The snow in Scotland has highlighted the vulnerability of online retail
According to ONS data out this morning, online retail now accounts for 10.5% of sales, but events this week north of the border show how fragile online retail distribution networks remain, and how fulfilment remains the key challenge for the web.
Scottish transport minister Keith Brown was quick to hit out at those retailers which stopped taking online orders - conveniently forgetting that if he’d done his job of keeping the roads open then they’d still be taking them - but it is striking that while retailers’ sophisticated supply chains have managed to keep stores well-stocked through even the worst of the snow, systems for the fulfilment of web orders seem to fall apart as soon as things take a turn for the worse.
Retailers which have stopped taking non-food orders in Scotland are playing it safe, influenced no doubt by the forecasts of more adverse weather to come. That makes sense because no retailer wants to make promises to customers it can’t keep, especially at this time of year.

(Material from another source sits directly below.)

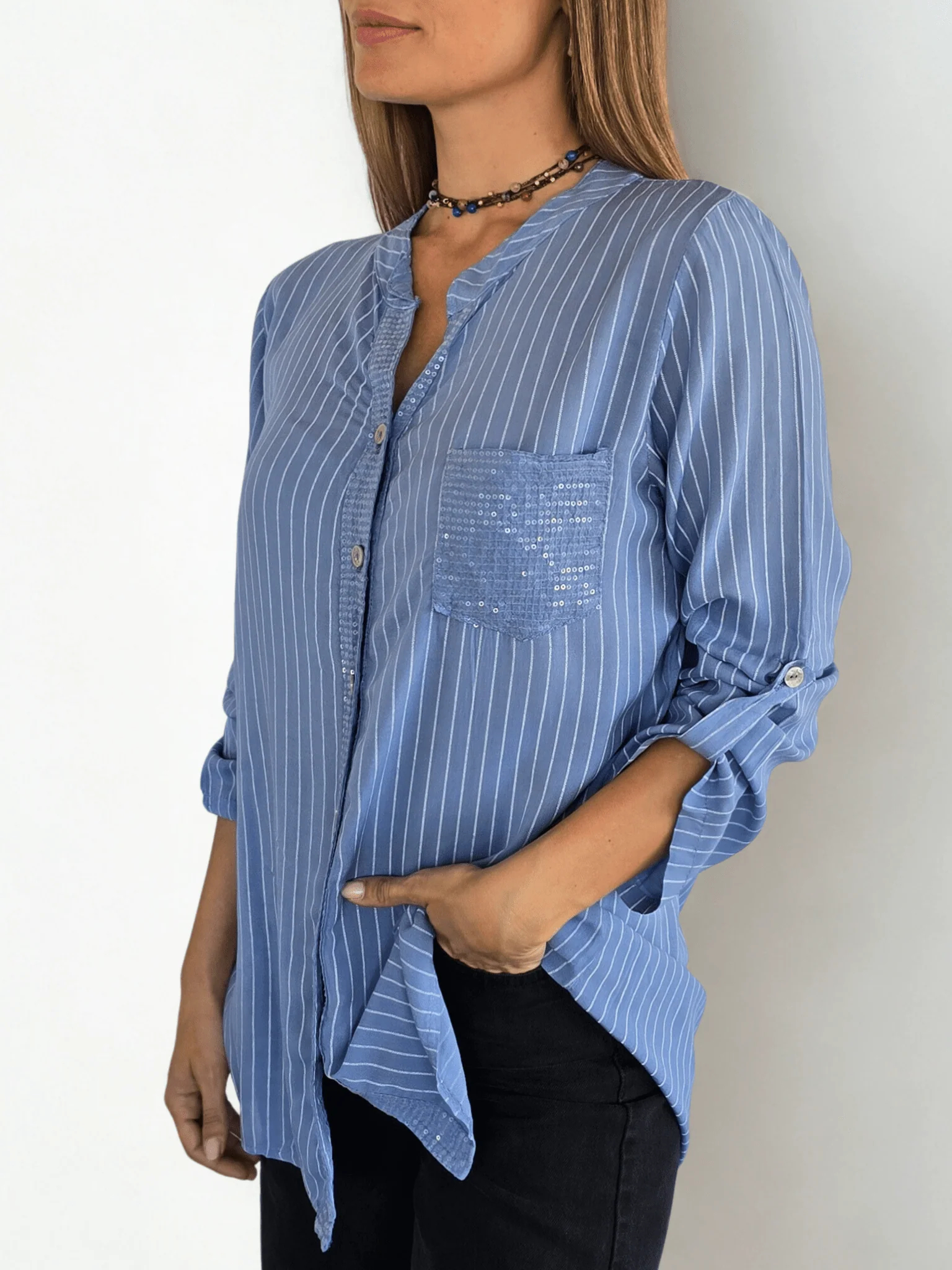 Women's Striped Shimmering Long-sleeved Shirt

But the success of online retail over the past few years has been all about giving customers confidence in its reliability and that the goods will be delivered. Whether its the fault of the politicians, the retailers or the delivery industry, the fact that bad weather can effectively close large parts of the country to online retail while stores manage to remain open is a big failure. Maybe some long-awaited good news for good old-fashioned physical shops though?